**How to complete this task**
Using the data below, output a verbatim copy of the lines between the one holding "Because much of" and the one holding "What is the", inclusive, without any pictures.

Data to process section start

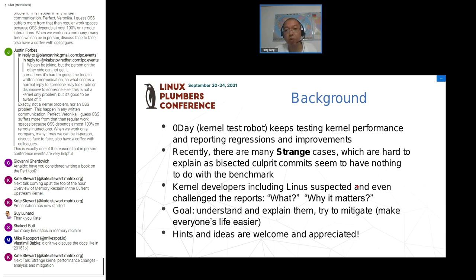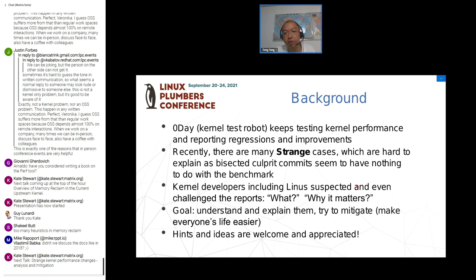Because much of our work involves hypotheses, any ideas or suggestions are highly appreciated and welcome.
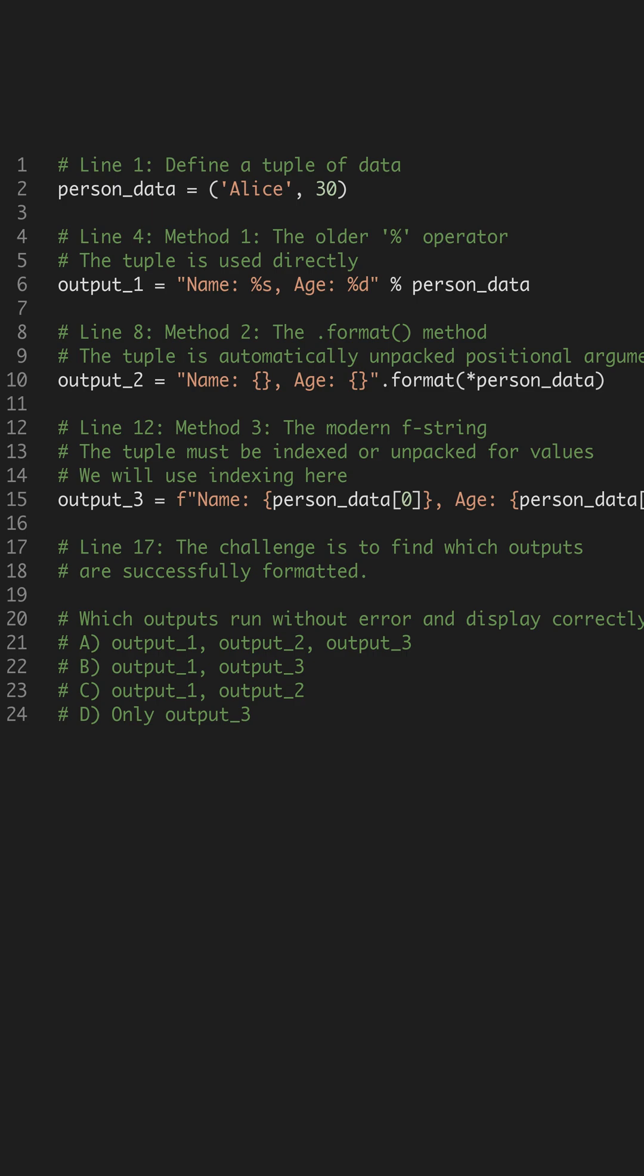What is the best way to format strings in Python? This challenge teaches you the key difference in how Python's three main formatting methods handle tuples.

Data to process section end
Data to process section start

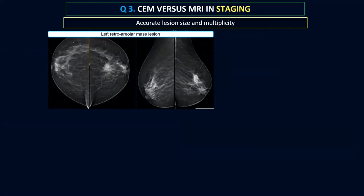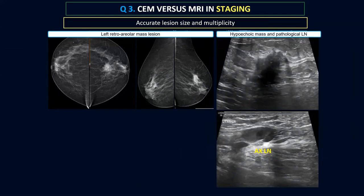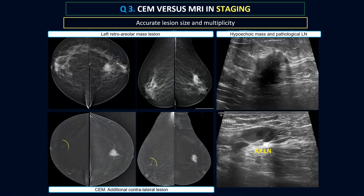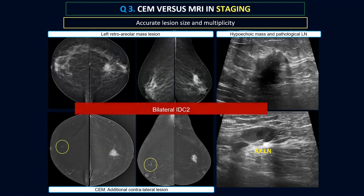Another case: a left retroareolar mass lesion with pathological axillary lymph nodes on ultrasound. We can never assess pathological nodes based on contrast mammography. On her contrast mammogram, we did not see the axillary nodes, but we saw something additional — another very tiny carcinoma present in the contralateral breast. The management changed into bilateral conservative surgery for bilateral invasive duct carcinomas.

Data to process section end
Data to process section start

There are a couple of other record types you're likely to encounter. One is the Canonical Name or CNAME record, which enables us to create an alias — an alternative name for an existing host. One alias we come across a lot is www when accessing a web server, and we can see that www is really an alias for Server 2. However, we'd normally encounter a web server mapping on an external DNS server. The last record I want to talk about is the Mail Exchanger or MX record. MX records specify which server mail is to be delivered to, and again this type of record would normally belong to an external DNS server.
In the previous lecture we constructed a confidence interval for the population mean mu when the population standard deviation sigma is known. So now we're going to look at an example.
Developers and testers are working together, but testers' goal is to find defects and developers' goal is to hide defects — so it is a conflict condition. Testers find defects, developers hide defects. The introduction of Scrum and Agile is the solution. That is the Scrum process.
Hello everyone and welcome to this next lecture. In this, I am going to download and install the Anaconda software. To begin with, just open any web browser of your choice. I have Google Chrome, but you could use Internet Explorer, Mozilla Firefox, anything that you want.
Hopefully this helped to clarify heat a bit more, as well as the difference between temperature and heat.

Data to process section end

**Answer area**
Because much of our work involves hypotheses, any ideas or suggestions are highly appreciated and welcome.
What is the best way to format strings in Python? This challenge teaches you the key difference in how Python's three main formatting methods handle tuples.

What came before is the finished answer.